Name of the event indicator. The underlying column should be numeric (1 = event, 0 = censored).

exposure

Name of the exposure indicator. The underlying column should be numeric (1 = exposed during follow-up, 0 = never exposed during follow-up).

exposure_time

Name of the time to exposure, measured from the chosen time origin; use NA if not exposed. Time must be measured in the same units (e.g. days) as that used for outcome_time.

tau

Non-negative numeric value specifying the time after exposure that should be excluded from the risk evaluation period. This argument is primarily intended for vaccination exposures, where it is common to exclude the time after vaccination when immunity is still building. Time must be measured in the same units as that used for outcome_time and exposure_time and should reflect the biological understanding of when vaccine-induced immunity develops (usually 1-2 weeks). For non-vaccine exposures, tau can be set to 0 (no delay period).

eval_times

Numeric vector specifying the timepoints at which to compute cumulative incidence and the derived effect measures. The timepoints should be expressed in terms of time since exposure. All values must be greater than tau and and should correspond to clinically meaningful follow-up durations, such as 30, 60, or 90 days after exposure. A fine grid of timepoints (e.g., eval_times = (tau+1):100) can be provided if cumulative incidence curves over time are desired.

effect

Character. Type of effect measure to compute and return, based on the estimated cumulative incidences. Either "vaccine_effectiveness" (default) or "risk_ratio".

ci_type

Method for constructing bootstrap confidence intervals. One of "wald", "percentile", or "both".
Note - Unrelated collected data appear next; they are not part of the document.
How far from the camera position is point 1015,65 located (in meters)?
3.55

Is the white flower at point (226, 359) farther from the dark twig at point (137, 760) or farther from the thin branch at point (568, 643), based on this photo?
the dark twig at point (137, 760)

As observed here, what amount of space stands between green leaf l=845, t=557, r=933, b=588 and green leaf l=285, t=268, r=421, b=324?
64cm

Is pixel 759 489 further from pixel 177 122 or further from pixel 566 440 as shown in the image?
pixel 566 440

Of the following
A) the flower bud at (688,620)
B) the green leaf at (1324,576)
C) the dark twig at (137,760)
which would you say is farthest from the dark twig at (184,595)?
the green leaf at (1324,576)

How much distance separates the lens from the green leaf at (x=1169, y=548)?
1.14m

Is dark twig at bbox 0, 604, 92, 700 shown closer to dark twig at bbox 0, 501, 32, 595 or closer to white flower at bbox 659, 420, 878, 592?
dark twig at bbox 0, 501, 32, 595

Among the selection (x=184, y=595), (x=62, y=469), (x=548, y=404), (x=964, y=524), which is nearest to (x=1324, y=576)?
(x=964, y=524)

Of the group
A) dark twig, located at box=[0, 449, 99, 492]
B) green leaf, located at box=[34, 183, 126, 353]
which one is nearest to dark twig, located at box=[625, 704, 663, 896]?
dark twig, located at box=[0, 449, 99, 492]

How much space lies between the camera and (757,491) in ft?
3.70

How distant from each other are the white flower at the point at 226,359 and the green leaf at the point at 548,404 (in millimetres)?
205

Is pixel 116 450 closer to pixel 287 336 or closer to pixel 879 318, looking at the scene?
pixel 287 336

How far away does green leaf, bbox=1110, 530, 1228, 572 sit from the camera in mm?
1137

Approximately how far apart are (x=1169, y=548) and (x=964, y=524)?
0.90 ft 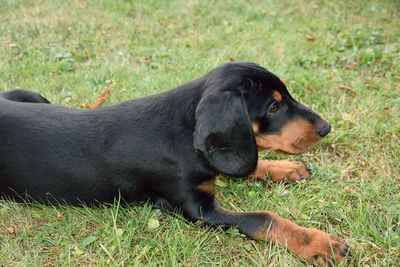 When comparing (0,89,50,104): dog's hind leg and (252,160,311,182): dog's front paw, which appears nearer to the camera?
(252,160,311,182): dog's front paw

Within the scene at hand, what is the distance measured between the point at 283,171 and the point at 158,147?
103 centimetres

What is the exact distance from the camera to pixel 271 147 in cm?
326

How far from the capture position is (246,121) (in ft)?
9.50

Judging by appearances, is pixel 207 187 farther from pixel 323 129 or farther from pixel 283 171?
pixel 323 129

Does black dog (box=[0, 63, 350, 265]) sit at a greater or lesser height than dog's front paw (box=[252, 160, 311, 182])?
greater

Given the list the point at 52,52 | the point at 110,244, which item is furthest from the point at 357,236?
the point at 52,52

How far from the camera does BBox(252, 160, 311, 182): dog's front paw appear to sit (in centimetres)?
361

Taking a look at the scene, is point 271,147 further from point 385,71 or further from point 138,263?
point 385,71

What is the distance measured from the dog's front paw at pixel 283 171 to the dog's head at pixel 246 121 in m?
0.35

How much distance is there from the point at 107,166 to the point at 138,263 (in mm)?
696

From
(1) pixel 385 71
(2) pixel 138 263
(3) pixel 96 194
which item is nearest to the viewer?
(2) pixel 138 263

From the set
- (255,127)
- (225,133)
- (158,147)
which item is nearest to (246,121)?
(225,133)

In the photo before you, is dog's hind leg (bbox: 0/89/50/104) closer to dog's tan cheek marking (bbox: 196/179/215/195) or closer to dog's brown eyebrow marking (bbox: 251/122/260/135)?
dog's tan cheek marking (bbox: 196/179/215/195)

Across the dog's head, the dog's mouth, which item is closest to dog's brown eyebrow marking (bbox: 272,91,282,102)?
the dog's head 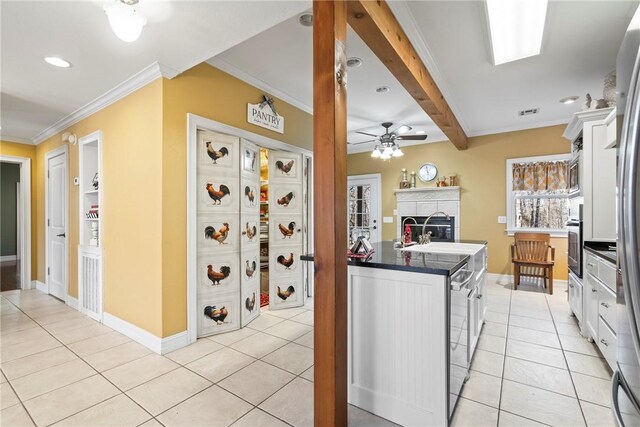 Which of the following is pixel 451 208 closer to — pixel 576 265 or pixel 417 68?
pixel 576 265

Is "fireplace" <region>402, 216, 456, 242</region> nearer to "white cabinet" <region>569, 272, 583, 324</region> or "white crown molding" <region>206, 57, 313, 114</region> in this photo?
"white cabinet" <region>569, 272, 583, 324</region>

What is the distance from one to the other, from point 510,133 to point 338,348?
5261mm

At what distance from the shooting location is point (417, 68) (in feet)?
8.64

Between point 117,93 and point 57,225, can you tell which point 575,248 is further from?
point 57,225

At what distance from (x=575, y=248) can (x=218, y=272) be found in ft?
12.0

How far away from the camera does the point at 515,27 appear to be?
7.61ft

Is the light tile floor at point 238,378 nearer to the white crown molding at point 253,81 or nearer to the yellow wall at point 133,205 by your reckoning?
the yellow wall at point 133,205

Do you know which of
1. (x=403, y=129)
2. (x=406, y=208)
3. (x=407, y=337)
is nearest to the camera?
(x=407, y=337)

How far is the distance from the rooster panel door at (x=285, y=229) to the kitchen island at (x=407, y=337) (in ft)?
6.53

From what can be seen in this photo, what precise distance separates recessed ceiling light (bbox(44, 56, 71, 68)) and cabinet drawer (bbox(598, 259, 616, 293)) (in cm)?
444

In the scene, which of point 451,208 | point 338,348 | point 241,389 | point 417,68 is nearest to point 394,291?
point 338,348

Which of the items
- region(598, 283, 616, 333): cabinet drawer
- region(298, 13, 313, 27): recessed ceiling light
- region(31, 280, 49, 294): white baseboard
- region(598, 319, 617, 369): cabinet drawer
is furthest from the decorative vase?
region(31, 280, 49, 294): white baseboard

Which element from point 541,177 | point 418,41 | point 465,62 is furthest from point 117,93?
point 541,177

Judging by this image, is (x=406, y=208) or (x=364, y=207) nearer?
(x=406, y=208) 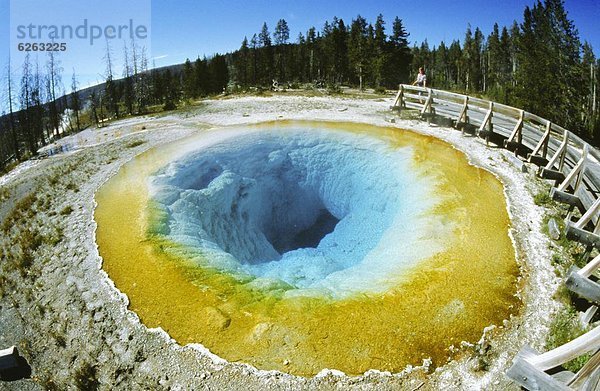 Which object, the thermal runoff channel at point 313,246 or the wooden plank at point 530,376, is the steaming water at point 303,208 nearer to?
the thermal runoff channel at point 313,246

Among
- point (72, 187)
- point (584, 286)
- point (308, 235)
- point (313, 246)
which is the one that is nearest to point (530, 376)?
point (584, 286)

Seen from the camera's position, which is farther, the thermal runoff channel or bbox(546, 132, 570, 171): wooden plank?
bbox(546, 132, 570, 171): wooden plank

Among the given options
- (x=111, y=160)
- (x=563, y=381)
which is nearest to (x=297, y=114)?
(x=111, y=160)

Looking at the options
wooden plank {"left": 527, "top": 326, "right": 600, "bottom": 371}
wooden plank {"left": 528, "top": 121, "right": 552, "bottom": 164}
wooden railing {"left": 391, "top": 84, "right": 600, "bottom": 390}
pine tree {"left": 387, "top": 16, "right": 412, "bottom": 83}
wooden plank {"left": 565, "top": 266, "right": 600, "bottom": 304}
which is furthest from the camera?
pine tree {"left": 387, "top": 16, "right": 412, "bottom": 83}

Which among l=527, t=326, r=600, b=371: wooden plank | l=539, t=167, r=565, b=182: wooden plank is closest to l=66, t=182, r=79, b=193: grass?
l=527, t=326, r=600, b=371: wooden plank

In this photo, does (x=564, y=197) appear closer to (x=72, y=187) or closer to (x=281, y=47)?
(x=72, y=187)

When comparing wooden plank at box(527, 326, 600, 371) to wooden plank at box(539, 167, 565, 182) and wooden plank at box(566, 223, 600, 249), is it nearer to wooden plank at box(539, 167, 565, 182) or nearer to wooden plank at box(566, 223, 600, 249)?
wooden plank at box(566, 223, 600, 249) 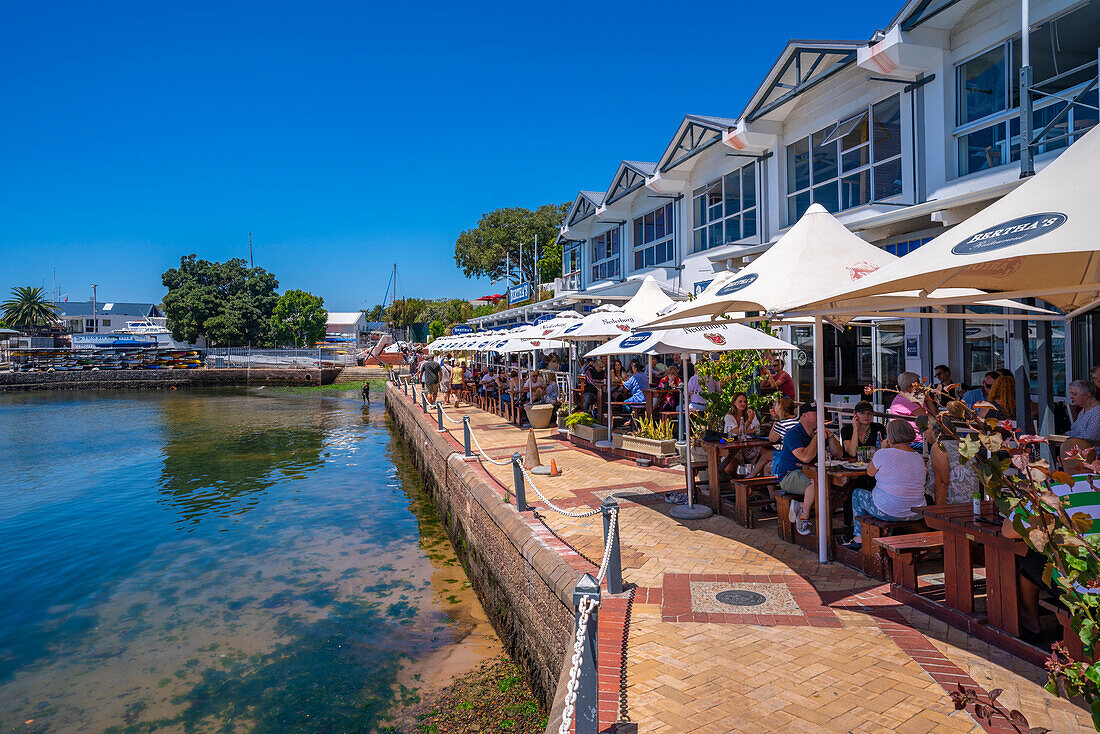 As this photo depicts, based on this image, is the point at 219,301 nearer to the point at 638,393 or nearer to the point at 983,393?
the point at 638,393

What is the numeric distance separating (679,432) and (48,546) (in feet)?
40.8

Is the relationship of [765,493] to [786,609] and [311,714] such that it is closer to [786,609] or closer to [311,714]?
[786,609]

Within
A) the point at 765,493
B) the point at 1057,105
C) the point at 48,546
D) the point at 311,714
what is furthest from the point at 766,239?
the point at 48,546

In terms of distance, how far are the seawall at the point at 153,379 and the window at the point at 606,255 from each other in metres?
38.8

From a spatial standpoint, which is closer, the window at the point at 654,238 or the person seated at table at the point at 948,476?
the person seated at table at the point at 948,476

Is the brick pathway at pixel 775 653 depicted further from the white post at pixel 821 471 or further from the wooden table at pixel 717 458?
the wooden table at pixel 717 458

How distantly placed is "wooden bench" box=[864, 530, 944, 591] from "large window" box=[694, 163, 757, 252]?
12093mm

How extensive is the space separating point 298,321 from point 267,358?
13209mm

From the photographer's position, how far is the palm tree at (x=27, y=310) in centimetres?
9119

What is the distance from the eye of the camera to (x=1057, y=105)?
31.4 feet

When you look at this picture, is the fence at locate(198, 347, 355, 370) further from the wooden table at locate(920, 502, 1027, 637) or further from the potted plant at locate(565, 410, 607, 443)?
the wooden table at locate(920, 502, 1027, 637)

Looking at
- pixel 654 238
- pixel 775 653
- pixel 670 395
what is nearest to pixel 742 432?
pixel 670 395

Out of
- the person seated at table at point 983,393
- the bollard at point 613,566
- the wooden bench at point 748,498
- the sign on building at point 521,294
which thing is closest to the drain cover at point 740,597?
the bollard at point 613,566

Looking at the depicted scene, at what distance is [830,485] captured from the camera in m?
5.91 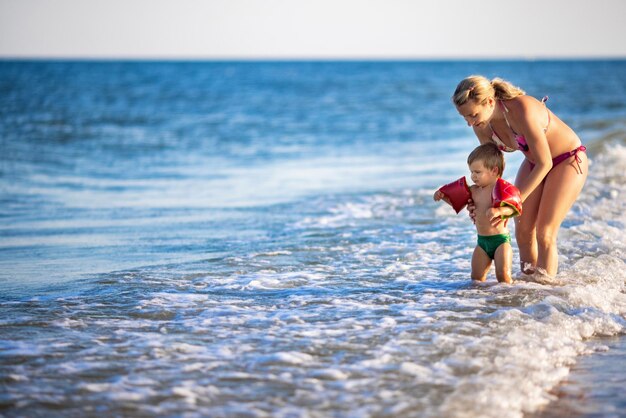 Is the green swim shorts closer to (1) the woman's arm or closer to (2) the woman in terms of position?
(2) the woman

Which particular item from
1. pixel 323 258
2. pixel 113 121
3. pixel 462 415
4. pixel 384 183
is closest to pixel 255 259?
pixel 323 258

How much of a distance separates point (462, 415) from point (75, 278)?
12.8 feet

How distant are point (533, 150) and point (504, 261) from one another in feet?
2.80

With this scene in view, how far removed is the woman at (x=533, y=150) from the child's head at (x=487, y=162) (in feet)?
0.37

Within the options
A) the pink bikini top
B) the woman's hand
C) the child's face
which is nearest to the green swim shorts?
the woman's hand

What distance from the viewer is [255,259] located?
6.98 m

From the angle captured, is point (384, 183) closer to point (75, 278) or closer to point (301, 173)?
point (301, 173)

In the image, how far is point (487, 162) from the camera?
5496mm

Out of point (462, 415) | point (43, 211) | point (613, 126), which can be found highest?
point (613, 126)

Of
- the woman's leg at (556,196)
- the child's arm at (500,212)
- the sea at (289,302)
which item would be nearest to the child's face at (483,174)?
the child's arm at (500,212)

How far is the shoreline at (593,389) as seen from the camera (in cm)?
353

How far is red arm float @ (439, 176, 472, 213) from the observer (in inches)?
220

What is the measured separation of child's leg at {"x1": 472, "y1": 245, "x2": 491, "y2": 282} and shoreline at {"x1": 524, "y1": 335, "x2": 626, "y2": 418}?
4.63 feet

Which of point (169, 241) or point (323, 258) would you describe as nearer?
point (323, 258) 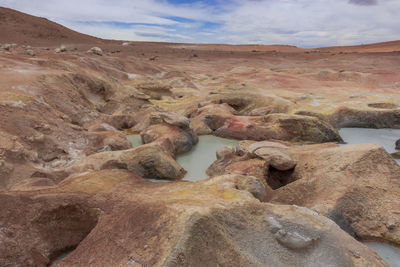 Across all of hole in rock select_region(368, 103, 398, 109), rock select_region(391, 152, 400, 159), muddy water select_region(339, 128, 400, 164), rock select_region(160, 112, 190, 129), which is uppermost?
rock select_region(160, 112, 190, 129)

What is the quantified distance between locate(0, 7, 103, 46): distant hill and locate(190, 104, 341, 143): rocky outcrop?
1354 inches

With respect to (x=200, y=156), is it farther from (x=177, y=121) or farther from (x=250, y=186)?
(x=250, y=186)

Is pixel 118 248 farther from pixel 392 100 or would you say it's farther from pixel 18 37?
pixel 18 37

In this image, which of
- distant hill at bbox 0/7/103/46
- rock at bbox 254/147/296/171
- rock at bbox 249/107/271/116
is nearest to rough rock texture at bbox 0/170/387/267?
rock at bbox 254/147/296/171

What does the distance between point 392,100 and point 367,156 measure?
24.5ft

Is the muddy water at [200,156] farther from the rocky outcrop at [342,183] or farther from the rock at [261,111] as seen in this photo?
the rock at [261,111]

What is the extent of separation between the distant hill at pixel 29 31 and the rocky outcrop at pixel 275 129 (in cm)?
3439

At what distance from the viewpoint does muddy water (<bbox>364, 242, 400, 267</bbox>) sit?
357cm

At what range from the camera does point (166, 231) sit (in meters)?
2.65

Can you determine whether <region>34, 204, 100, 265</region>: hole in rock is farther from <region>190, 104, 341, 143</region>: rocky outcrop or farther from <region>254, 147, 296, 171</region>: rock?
<region>190, 104, 341, 143</region>: rocky outcrop

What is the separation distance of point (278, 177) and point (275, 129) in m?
2.96

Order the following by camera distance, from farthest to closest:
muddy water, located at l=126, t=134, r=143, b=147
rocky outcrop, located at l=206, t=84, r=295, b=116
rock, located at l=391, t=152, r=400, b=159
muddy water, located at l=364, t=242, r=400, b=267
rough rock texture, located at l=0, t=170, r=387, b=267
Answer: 1. rocky outcrop, located at l=206, t=84, r=295, b=116
2. muddy water, located at l=126, t=134, r=143, b=147
3. rock, located at l=391, t=152, r=400, b=159
4. muddy water, located at l=364, t=242, r=400, b=267
5. rough rock texture, located at l=0, t=170, r=387, b=267

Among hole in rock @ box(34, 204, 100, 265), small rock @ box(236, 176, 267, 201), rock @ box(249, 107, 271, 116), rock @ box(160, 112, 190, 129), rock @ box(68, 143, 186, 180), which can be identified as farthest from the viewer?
rock @ box(249, 107, 271, 116)

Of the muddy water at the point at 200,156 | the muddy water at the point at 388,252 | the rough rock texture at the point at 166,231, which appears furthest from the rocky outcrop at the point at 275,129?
the rough rock texture at the point at 166,231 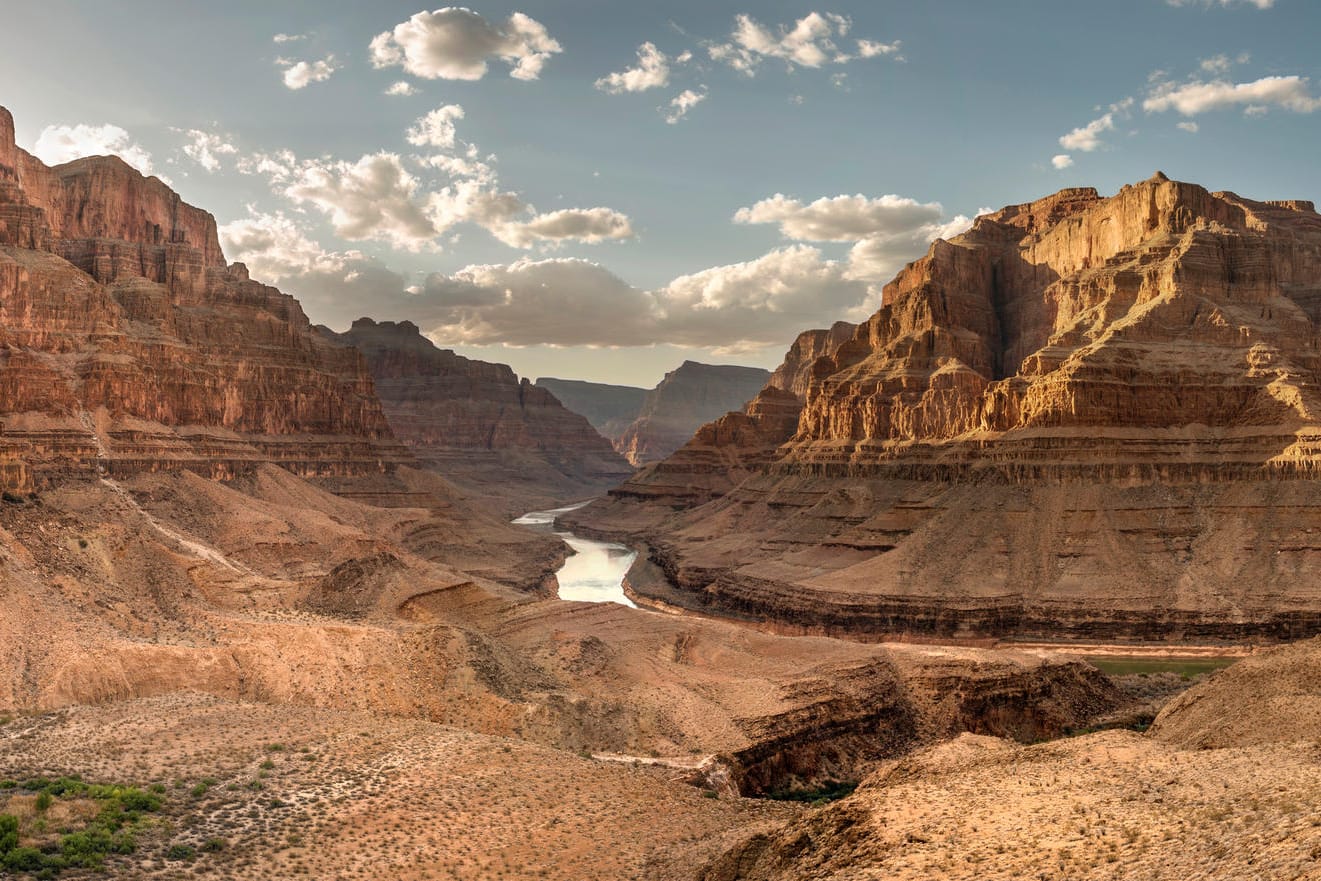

  • "wald" (default): Computes Wald-style intervals using bootstrap standard errors. See Confidence intervals section for details.

  • "percentile": Computes percentile bootstrap intervals.

  • "both": Computes and returns both sets of intervals.

boot_reps

Number of bootstrap replicates for confidence intervals. Recommended to use at least 1000 for publication-quality results. Use smaller values (e.g., 10-100) for initial exploration. Default: 0 (no bootstrapping).

alpha

Significance level for confidence intervals (Confidence level = 100*(1-alpha)%). Default: 0.05.

keep_models

Logical; return the two fitted hazard models used to compute cumulative incidences? Default: TRUE.

keep_boot_samples

Logical; return bootstrap samples? Default: TRUE. Must be set to TRUE if user plans to use add_simultaneous_ci() to obtain simultaneous confidence intervals.

n_cores

Integer; parallel cores for bootstrapping. Passed to parallel::mclapply as mc.cores. On Unix-like OS only; not available on Windows. Default: 1.

Value

A list containing the following:

estimates

A list of matrices of the estimates at each timepoint. Rows of each matrix are the terms "cuminc_0", "cuminc_1", "vaccine_effectiveness". Columns of each matrix gives the point estimate and confidence intervals at the specified time point.

eval_times

The timepoints at which VE was evaluated

n_success_boot

A numeric vector of the number of successful bootstrap samples for each time point.(Success bootstrap samples are those that result in non-missing valid point estimates.)

boot_samples

If keep_boot_samples = TRUE, a list of matrices for each term that contain the bootstrap estimates where the rows are the bootstrap iterations and the columns are the time points.